An excerpt from Gerald Bray's editorial in the latest edition of Churchman which looks at the relationship between the Church of England, the Anglican Communion, and GAFCON.

Readers of Jane Eyre will recall that the heroine was courted by two very different types of man. On the one side was the dark and dubious Mr Rochester, a man with a mysterious past and an uncertain future. On the other was the pious and pure St John Rivers, whose path to the overseas mission field was clearly predestined. As we know, Jane chose Mr Rochester, perhaps because she thought she could play a part in his redemption, but she remained in touch with St John and never lost her admiration for him, even if she could not see herself measuring up to his high standards. Nearly two centuries later, we can look back on that and ponder how the story unfolded after the novel ended. The descendants of the Rochesters have either been redeemed and reintegrated into normal middle-class society, or have continued to lead the sort of rakish lives that the tabloid press revels in. The St Johns have had a lower profile, but arguably their influence has been far greater. Unable or unwilling to conform to standard English domesticity, they have travelled to the far corners of the earth, preaching the Gospel and forming churches wherever they have gone. It would not be entirely true to say that they were the spiritual arm of the British Empire, but there is no doubt that they shared in the optimistic expansionism of the imperial era, nor that the modern Anglican Communion is strongest in the Commonwealth and in areas of British settlement outside it, like the United States and parts of South America.

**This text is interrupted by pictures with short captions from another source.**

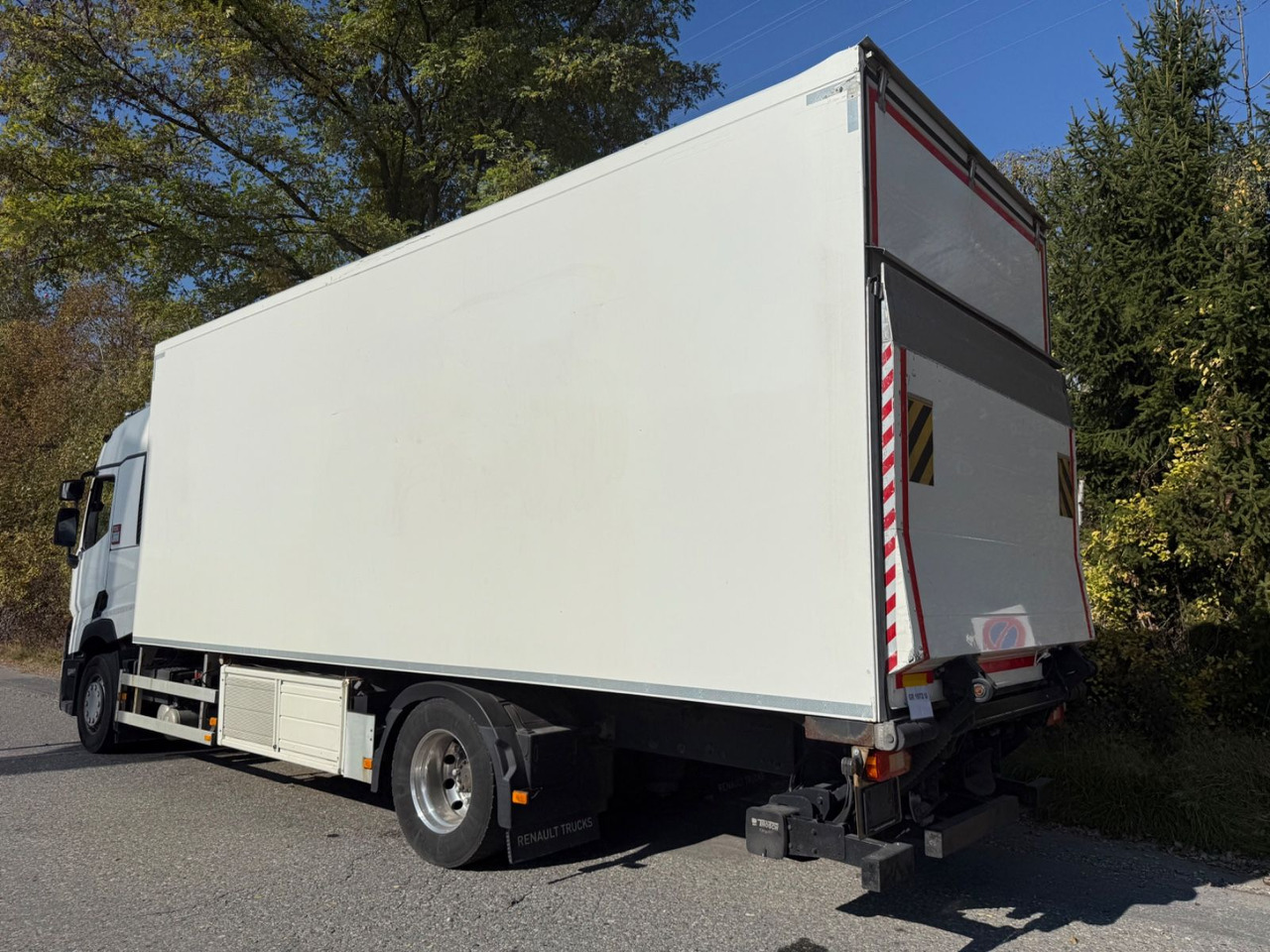 Renault T460 4x2, E 6, Carrier U850, -30C, Ladebordwand - Kylbil lastbil: bild 4 Renault T460 4x2, E 6, Carrier U850, -30C, Ladebordwand - Kylbil lastbil: bild 4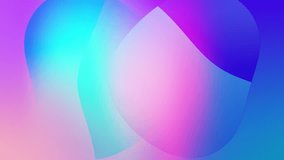 Neon Blurred Gradient Colors party celebration moving animation background template. Moving Led Lights abstract texture background. Website and Social media Creative news element story background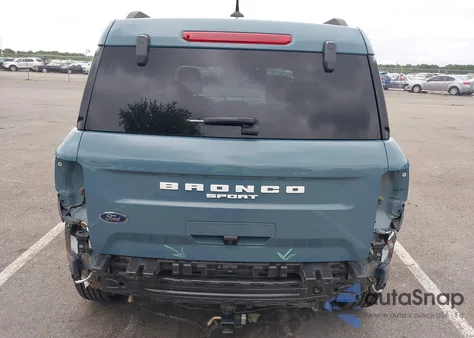 2021 Ford Bronco Sport Big Bend z USA, uszkodzony, nr VIN 3FMCR9B66MRA92452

Until a generation ago, this missionary expansion was accepted by the Church of England in much the same way that the Empire was. It was an extension of British Christian values, designed to benefit the people to whom it went, but its impact on the homeland was minimal. Lambeth Conferences that included overseas bishops convened every ten years or so, but most of them were little more than glorified garden parties with a little housekeeping attached. Old friends met up again, contacts were established or renewed, and everyone went home thinking that all was well in a church on which the sun never set.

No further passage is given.